Piecing it Together: Attachment and the Puzzle

If you're reading this, you've already made an important decision. You've chosen curiosity over comfort. That matters more than you may realize right now.

In the last post we talked about the thousand whys, the puzzle that belongs to you and has always belonged to you. We talked about the courage it takes to sit down and begin assembling it. If you're here, you're sitting down. That's not nothing.

One of the first lenses worth picking up is one that may feel surprisingly personal. Not because it's invasive, but because it has a way of making the unfamiliar suddenly familiar. It has a way of making you feel, perhaps for the first time, uncomfortably seen.

That lens is attachment.

Psychologist John Bowlby spent his life studying something deceptively simple: how human beings connect to one another, and what happens when that connection feels threatened or unsafe. What he discovered was that the patterns we develop early in life, in our first experiences of closeness, comfort, abandonment, or inconsistency, don't stay in childhood. They follow us. Into friendships, into relationships, into marriage. Into the moments where we made choices we are now trying to understand.

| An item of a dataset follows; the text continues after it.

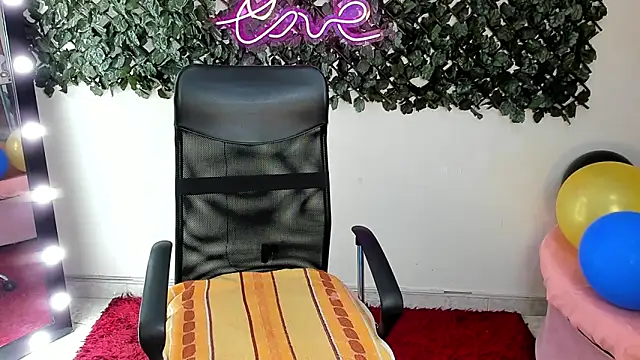 DestinyHills Adlı Modelin Canlı XXX Sohbeti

Most of us have never been asked to examine those patterns. We've simply lived inside them, assuming they were just who we are rather than something that was shaped, or and can be reshaped.

When I first encountered my own attachment style, I understood something about myself that no amount of surface level reflection had ever revealed. I am someone with disorganized attachment. And seeing that clearly, sitting with the discomfort of that recognition, was one of the most significant pieces of my own puzzle. Not because it explained everything. But because it illuminated something that had been operating in the dark for a very long time.

That is what this lens offers you. Not a verdict. Not an excuse. A light.

You may find yourself in what you discover. You may recognize patterns you've never had language for: the way you pursue or withdraw, the way intimacy has always felt slightly dangerous, the way you've managed your need for connection in ways that ultimately disconnected you from the people you love most.

There is a book I return to often and recommend without hesitation — Attached by Amir Levine and Rachel Heller. It is accessible, honest, and has a way of meeting readers exactly where they are. It is a worthy companion for this part of the journey.

But here is what I want you to hold onto as you begin exploring: the goal is not to find a label and live inside it. The goal is to understand how you've been functioning, and to discover that another way of functioning is possible. Secure attachment is not a personality type you're born with or without. It is a destination. One that becomes more reachable the more honestly you look at where you're starting from.

The puzzle piece you're holding right now may be one of the most revealing ones in the entire thousand. In fact, this piece may help you name and connect many more pieces.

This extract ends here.